Hey, I need to download BAM files of breast cancer cell lines from GEO/SRA. For example I will use SRR925780.
I tried to do it in 2 ways:
SRA run browser: http://trace.ncbi.nlm.nih.gov/Traces/sra/?run=SRR925780. Where I need to download a separate file for each chromosome but the download is very fast (4 Gb in about 10 minutes) and the output file is a BAM file which means no other tool is needed.
SRA toolkit, following their manual, I run this command:
sam-dump SRR925780 | samtools view -bS - > SRR925780.bam
It takes about 3 hours to download and convert 100 Mb! The time diff is too big, I am wondering what am I doing wrong with the SRA toolkit ans samtools.
BTW I work with the latest SRA toolkit but the samtools version is old, it's the only one I found working for Windows: https://bow.codeplex.com/releases
So my questions are:
- Could it be the fastest way to download BAM files is manually via SRA run browser ?

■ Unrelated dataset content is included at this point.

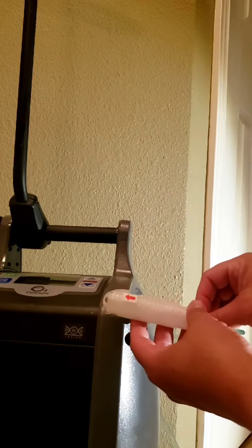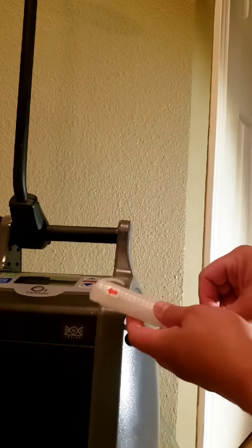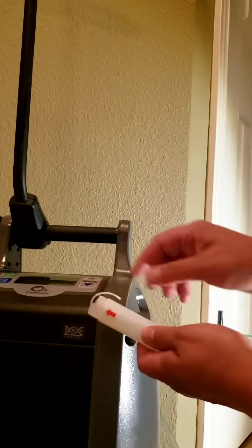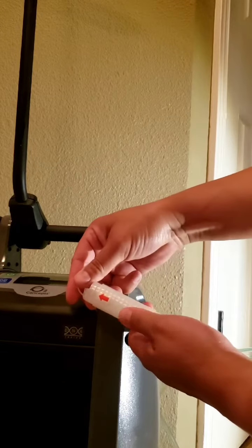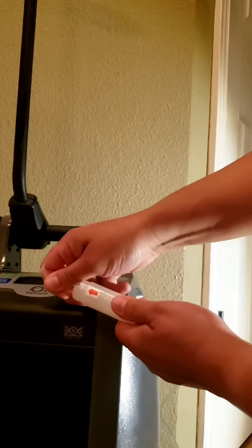So once you have your tubing where you want it, you're going to go ahead, hold your tubing in place, and you're just going to pull the tail.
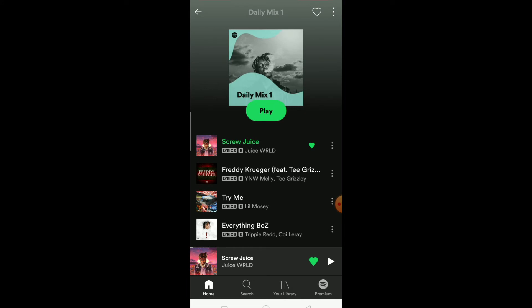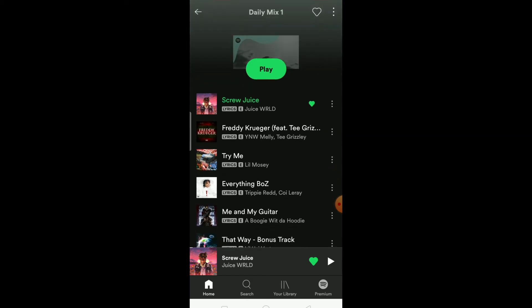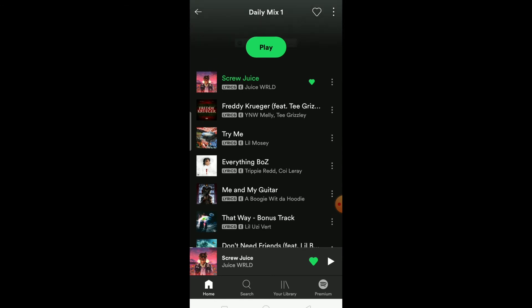What actually happens is Spotify's algorithm automatically chooses the type of song you prefer. So if I listen to Juice WRLD a lot, Spotify's algorithm thinks Juice WRLD is my favorite artist and will play his songs the most from the playlist. You'll think shuffle isn't working, but it is — the algorithm is just picking songs based on your listening habits.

- Is there a way to run a newer version of samtools on Windows?
Thanks!
You may be better off downloading the fastq files and doing the alignments yourself. EBI-ENA has the fastq files available directly without having to use SRA toolkit (e.g. http://www.ebi.ac.uk/ena/data/view/SRR925780 ).
That said if you are restricted to using windows then all bets are off.
Some SRA runs are based on custom reference sequences. Is it possible to retrieve the reference FASTAs from SRA and align reads to them to create BAMs? Otherwise you would need to retrieve the BAMs directly right?